15 February 2008

I’ve been thinking a lot about joy over the past few weeks. It started when I attended solstice celebration. As a part of that gathering, we were all invited to take a card onto which the leader had written a word of blessing, or a quality of life that we might seek in as the light began to return. My card – a slip of paper, really, with swirls of pink and purple and blue – said simply ‘joy’ followed by a heart. In the darkness of the sanctuary, I closed my eyes as tears slid down my cheeks. Joy. Allowing myself to be shot through with the awareness of the preciousness of life, the beauty and wonder of the world. Allowing light into the deepest dark of the year. Yes. Joy was what I needed in that moment and following.

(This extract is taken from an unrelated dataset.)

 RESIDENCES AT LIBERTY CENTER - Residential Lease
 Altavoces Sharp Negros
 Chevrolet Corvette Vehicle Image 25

Now, in February as I write this, I’m seeing joy around me more, recognising it, holding and savouring it. Ann Sexton writes about joy in the ordinary objects and moments of her day. In ‘Welcome Morning’ she begins:

There is joy
in all:
in the hair I brush each morning,
in the Cannon towel, newly washed,
that I rub my body with each morning,
in the chapel of eggs I cook
each morning,
in the outcry from the kettle
that heats my coffee
each morning,
in the spoon and the chair
that cry "hello there, Anne"
each morning,
in the godhead of the table that I set
my silver, plate, cup upon
each morning.

Indeed this is where joy is best found: in the everyday and common moments of our lives. If we’re paying attention – really paying attention – joy can be uncovered in the smallest of moments. While I am seeing more joy in many places, I’ve been especially mindful of it on the daily walks to and from school that I do with Claire.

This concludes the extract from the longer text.